Camden People’s Theatre

A Haunted Existence

A Haunted Existence

Camden People’s Theatre

Reviewed – 2nd October 2019

★★★★

 

“It is a work of exquisite, tender beauty. A unique evening at the theatre.”

 

Camden People’s Theatre is an intimate venue. The theatre itself holds 60 people, and the pre-show meeting space is not unlike a little tea room, cosy and informal. It always seems slightly out of time, and set apart from 21st century London. Tom Marshman couldn’t have chosen a more appropriate place to stage his deeply touching and beautifully crafted piece of theatre, created in response to a piece of 1950s British queer history.

Marshman makes it clear from the outset that he is a storyteller. There is no ‘acting’ here; instead he talks to us, lip syncs, shows us images, plays us records and reads us letters, all of which serve the story that he wants to share. In 1953, a young gay man – Geoffrey Patrick Williamson – made sexual overtures to an older man on a railway train. This older man turned out to be a Railway Officer in plain clothes, and their encounter led to a court case, as a result of which 17 men were arrested, and nine sent to prison.

Marshman has researched the men involved in this case and the show is the result of his discoveries. Research of this kind can seem a rather dry and dusty pursuit; academic and removed from the emotional world. Nothing could be further from the truth here. Tom Marshman’s work is infused with tenderness. He handles these men’s stories with the greatest love and care, and there is a gentleness inherent in his movement on stage, and in the perfectly chosen 1950s records that he plays that provide his musical score. This is no nostalgic comfort-zone however. Although there are some happy endings, the persecution of these men destroyed lives, and also led to a suicide. Their treatment was brutal; the facts speak for themselves.

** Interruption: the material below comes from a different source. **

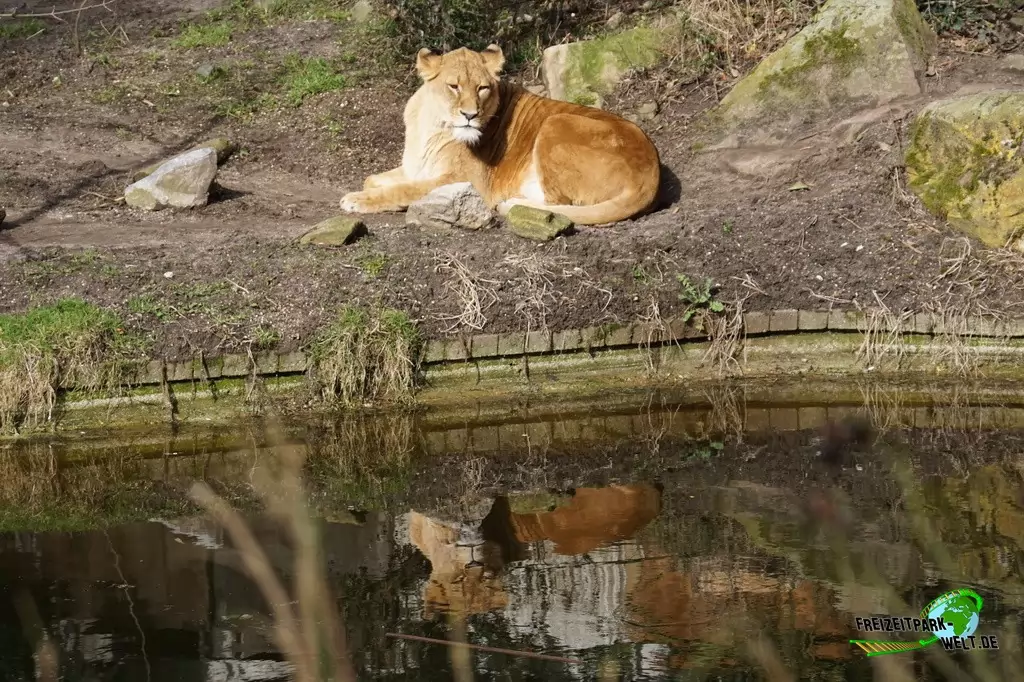 Berberlöwe im Allwetterzoo Münster - 2015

A Haunted Existence avoids sentimentality as it is artistically precise. Marshman is most definitely an artist, and one of exceptional skill. The gauze projections could stand alone as an artwork, merging, as they do, archive footage, and newly created black and white images of Marshman  himself as period characters in the story. His movement too is spare – whether it be the semaphore alphabet that we see at the top of the show or the mesmeric solo ballroom dancing sequence a little later on – and it is beautiful. Marshman also lip syncs to the clipped 1950s tones of the presiding judge in the case, and to the words of Lord Owen, which laid early foundations for the Wolfenden report a decade later. This is, unexpectedly, extraordinarily moving, and a welcome reminder of the truly subversive power of this gay cabaret skill. Wonderful too, to have a brief lesson in Polari thrown into the mix, and a treat to hear that arch and creative language of subterfuge spoken out loud.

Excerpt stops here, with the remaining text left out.